Correspondents
The NPDL is accepting applications for correspondents! While engaging with the parliamentary debate community on a national level, correspondents will build skills as leaders, educators, and advocates and support the NPDL's most critical projects, including the Tournament of Champions, curricular resources, and historical documentation of parliamentary debate.
2023-24 Program Goals
Support NPDL’s broader mission of developing a supportive and inclusive culture, maintaining historical records, and disseminating information and resources that lower participation barriers in the parliamentary debate community
Decentralize the most labor intensive portions of TOC logistics (points entry)
Develop a cohort of experienced correspondents to potentially expand into editorial and supervisory roles for upperclassmen in 2024-25.
APPLY HERE
Applications will be accepted on a rolling basis. The first-round deadline is September 1. Correspondents may apply to one or more correspondent areas.
General Responsibilities
Behavior
Students who are not in good standing with their schools are not permitted to participate in the correspondents program.
Communication
Correspondents must:
Attend at least one Zoom check-in meeting every 4-6 weeks with students working on comparable projects
Submit a monthly progress report.
Respond to Slack inquiries within 48 hours.
Data
Correspondents will:
Learn to implement Article XXI: Rankings
Learn to use the Points Calculator
Record the points for each assigned tournament within 14 days from the conclusions of the tournament (minimum 1/month)

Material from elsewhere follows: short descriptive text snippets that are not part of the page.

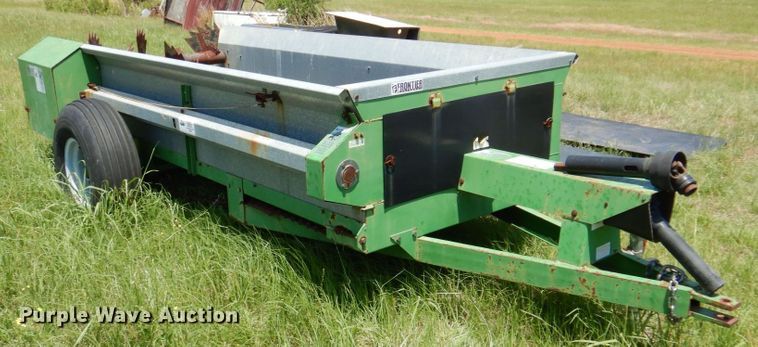 image for item DP4017 Frontier  manure spreader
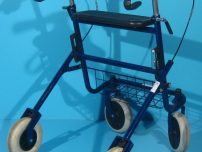 Cadru de mers cu roti second hand Invacare-albastru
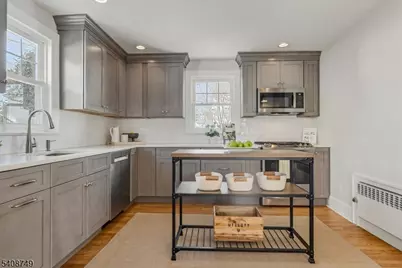 5 Inness Pl, Glen Ridge, NJ 07028 - Photo 12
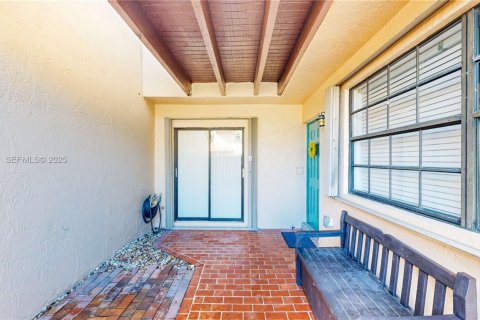 Купить таунхаус в Майами, Флорида 2 спальни, 116.5м2, № 1993048 - фото 4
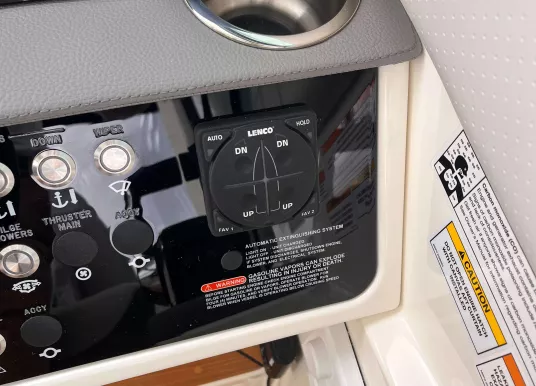 SEA RAY - SUNDANCER 320 OUTBOARD - 8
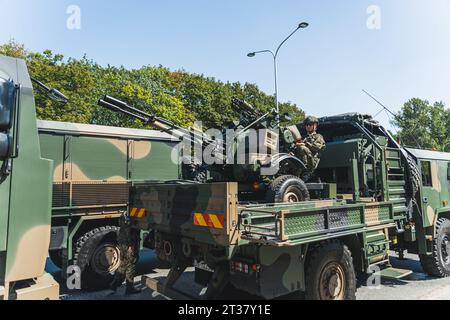 16.08.2023 Varsovie, Pologne. Canon militaire sur un camion pendant un défilé militaire en plein air couvert de peinture de camouflage. Puissance de l'armée. Photo de haute qualité Banque D'Images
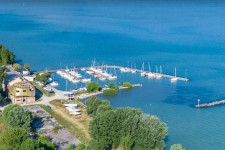 Kétszáz méteres móló épülhet a Balatonba Fonyódnál, 250 hajónak adhat majd helyet a Népszava értesülése szerint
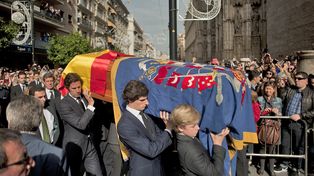 Multitudinaria despedida a la duquesa de Alba en Sevilla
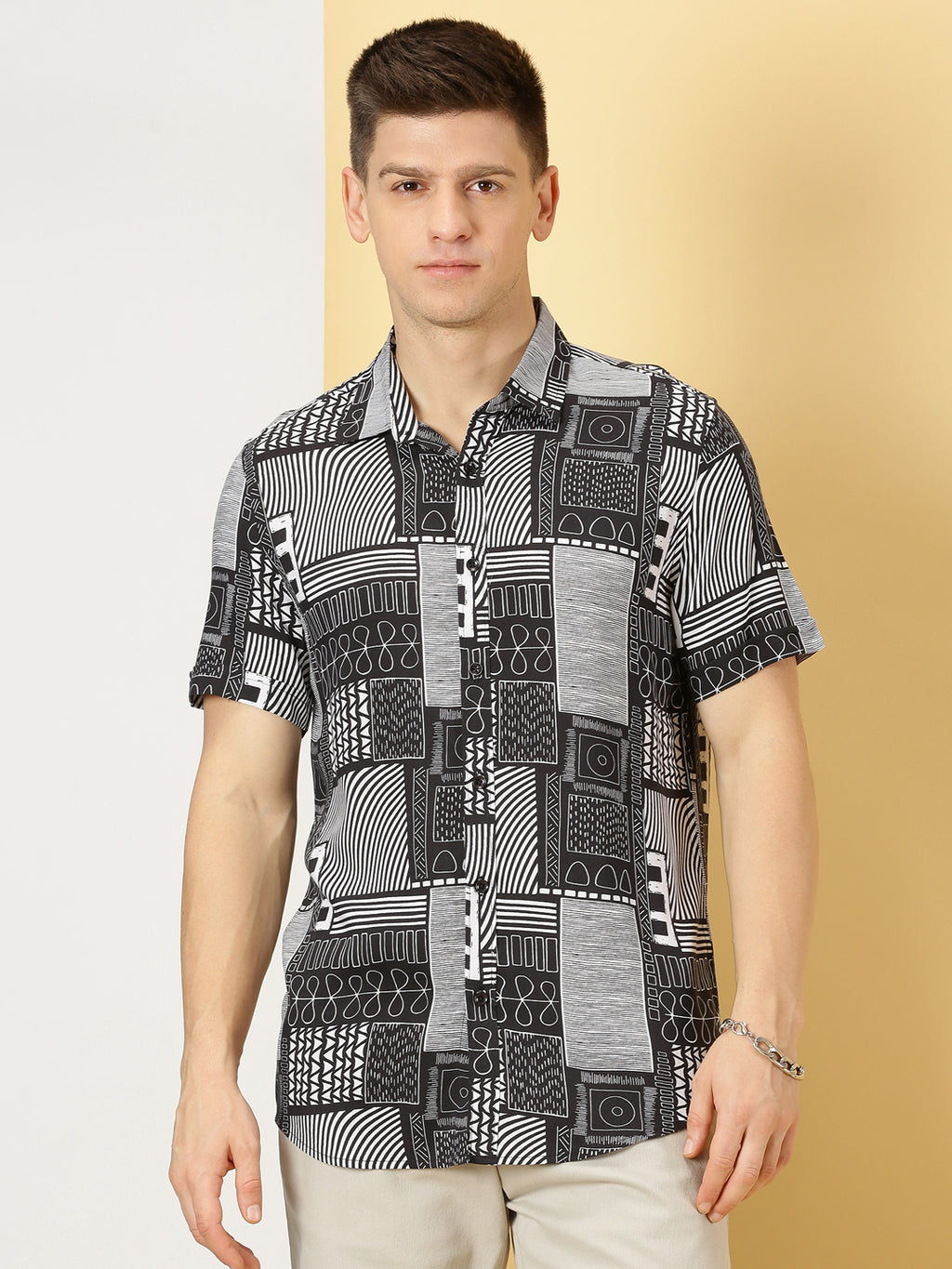 Thomas Scott Men Black Regular Fit Short Sleeves Spread Collar Abstract Printed Casual Shirt
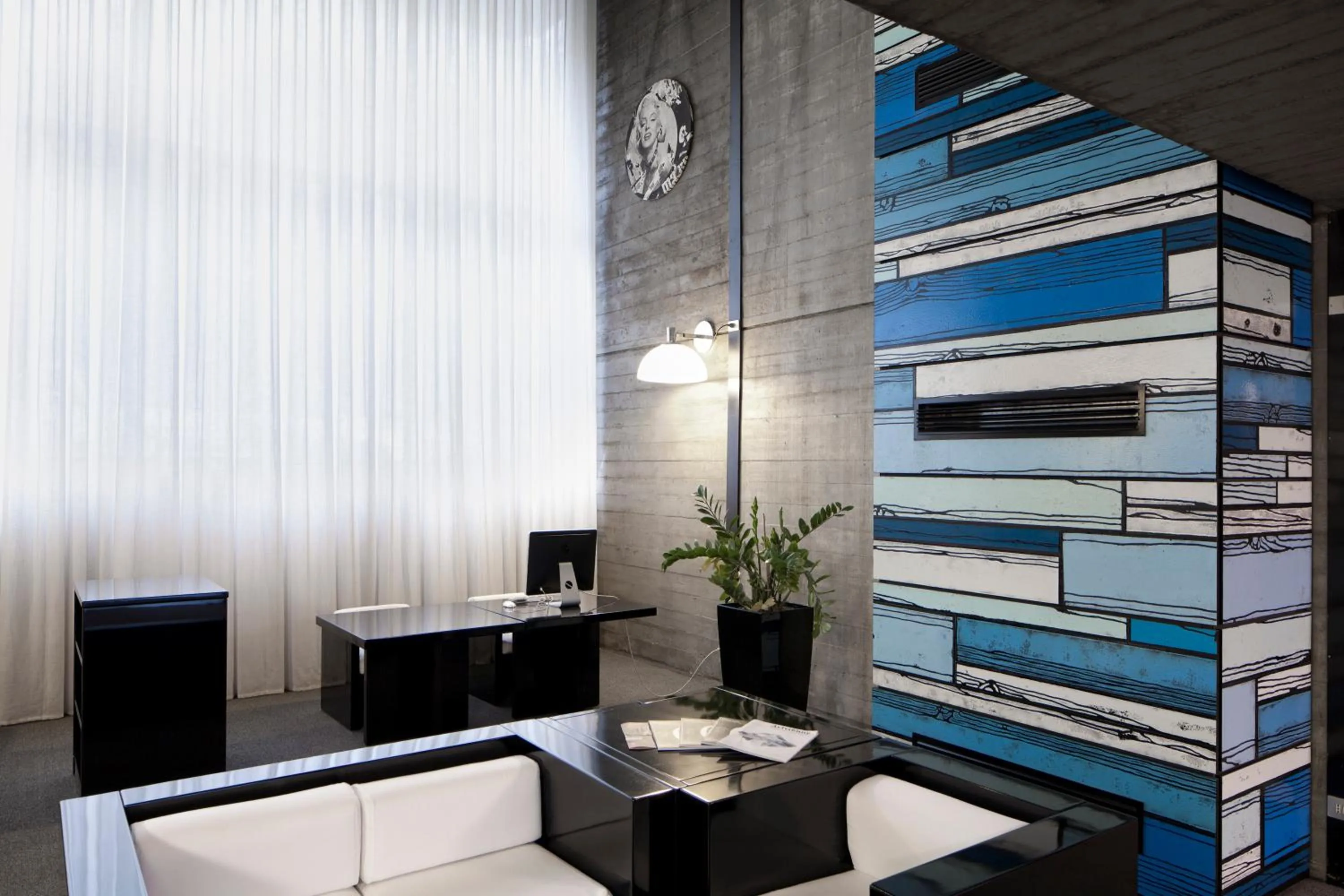 Lobby or reception in DUPARC Contemporary Suites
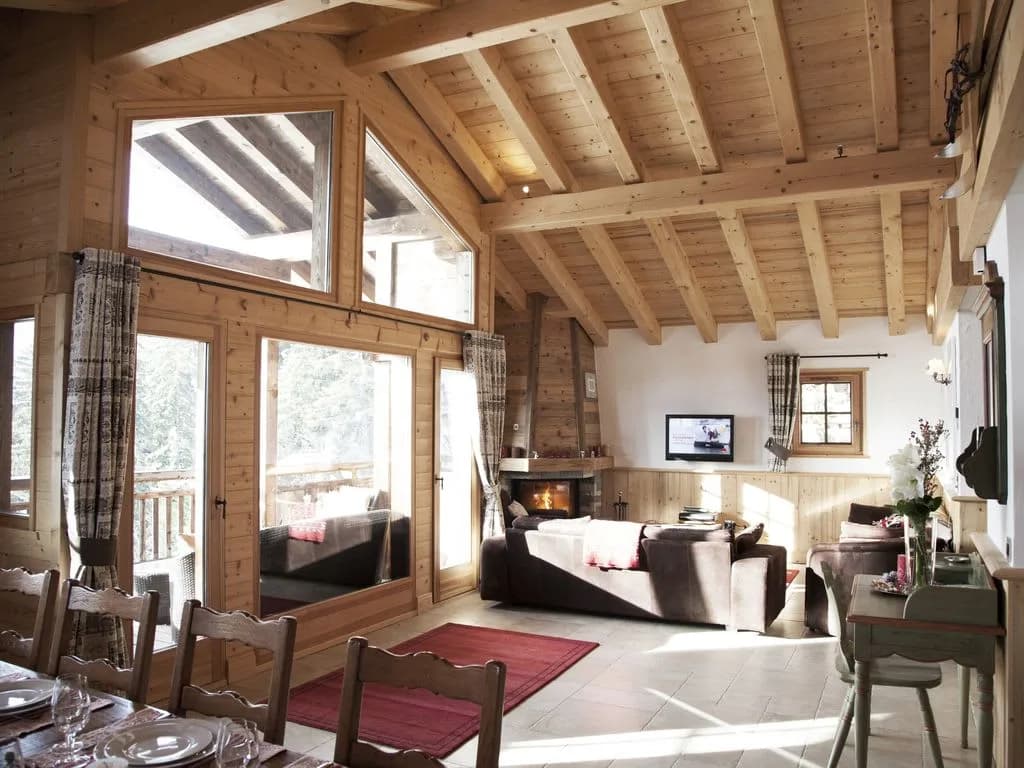 Chalet With Jacuzzi In Stunning Location photo 5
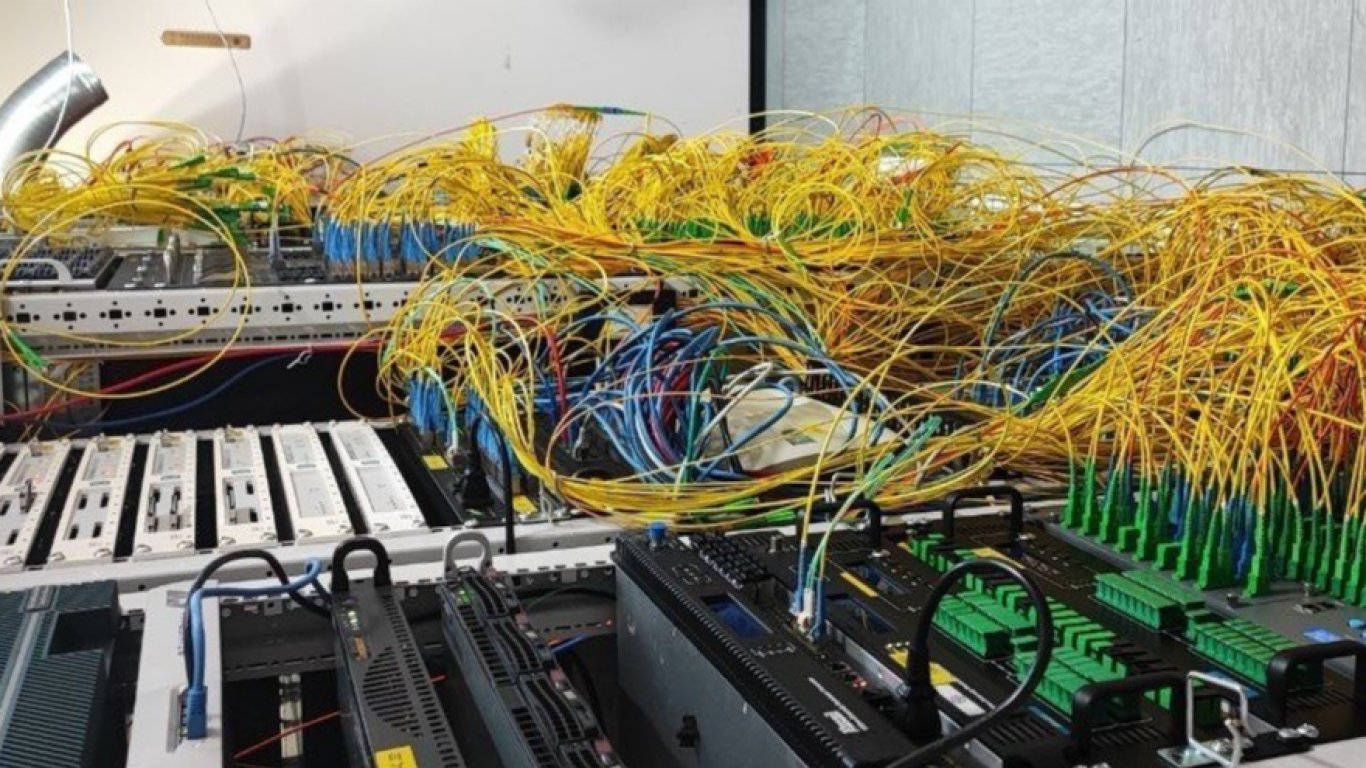 Кибер полицаи разкриха нелегален кабелен оператор в Пловдивско, излъчвал 3 години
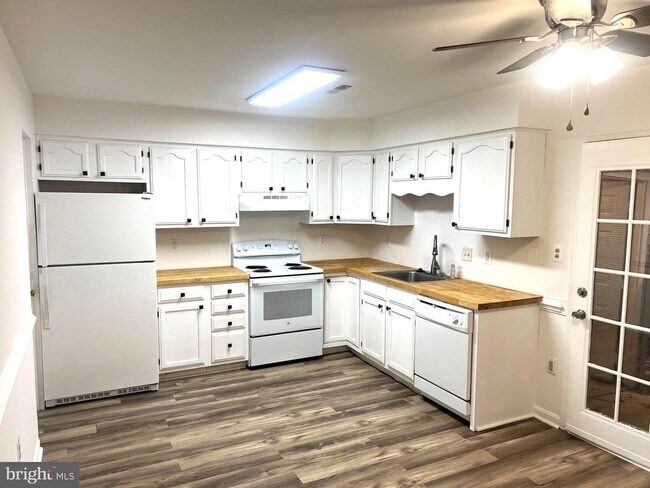 Building Photo - 255 Farrell Ln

Record the resolutions for each assigned tournament by the second progress report following the date of assignment. (minimum 1/month)
Project Areas
Advanced Data
Advanced Data correspondents will take on an additional monthly points and resolution assignment if needed as well as pursuing a long-term project in data collection, transformation, or and/or analysis. Potential projects include:
managing and annotating NPDL recordings
refining existing databases, tagging systems or collection methods
creating new datasets via surveys
analysis of public resources
transformation of existing datasets
Curriculum
A curriculum correspondent is responsible for writing and editing debate curriculum, reviewing long-term curriculum goals, and informing the board about student curriculum resource needs. Expectations include writing or editing one mini module or practice plan per month OR development of two complete reference modules per year.
Mini modules or practice plans should include materials around a cohesive theme that fill 1-2 hours and can include:
Specific topic area information
Theory of argumentation and debate strategy
Discussion questions
Drills or activities
Materials such as sample slides, style guides, or worksheets
Suggestions for substitutions depending on ability level
Curriculum in this category should include information about the intended audience, approximate lesson timelines, suggestions for instructors to check for understanding, and explicit learning outcomes.
Reference modules are intended to provide a deep dive into a broad area of debate, such as team administration, culture building, casebuilding and argumentation, debate theory, philosophical models, research methods, middle school program development, or common parli topic areas, contextualized through descriptions, examples, case studies, etc. Reference modules should be clear about prerequisites needed to understand them. You can conceptualize these as textbook chapters.
Media
A media correspondent helps create material for league social media accounts. We are looking for people who have basic experience with engaging short-form writing, graphic design and/or video creation. Generally, a media correspondent will be expected to create 2-4 social media posts per month.
Media topics may include:
Congratulations to top placers at recent events or autoqualifiers, in collaboration with data correspondents
Highlights of published articles, in collaboration with reporting correspondents
Short summaries of board meetings and NPDL newsletters
Announcements, including upcoming NPDL events, curriculum releases, NPDL policy changes, or calls for volunteers not otherwise highlighted in newsletters
Student, community member, team, or alumni spotlights
Reporting
Reporting correspondents investigate and disseminate knowledge on topics relevant to the parli community. A reporting correspondent should expect to write at least two articles during the season.
Potential topics include:
how to implement a particular debate strategy
history of parli in a particular region or of a particular kind of argument
an exploration of how resolutions are drafted
current events in parli
an in-depth interview with a coach or current or former competitor
a spotlight on a team or community project
a research project gathering parli-related statistics
a nuanced criticism of a particular community practice
Deadlines:
Article topics must be finalized by the end of October.
A plan of action (a list of people to interview, a list of data sources, etc.) must also be drafted by Nov 15
Rough drafts must be submitted by the end of December for the first article.
Final drafts must be submitted by the end of January for the first article.
Rough drafts should be submitted by the end of February for the second article.
Final drafts should be submitted by March 15 for the second article.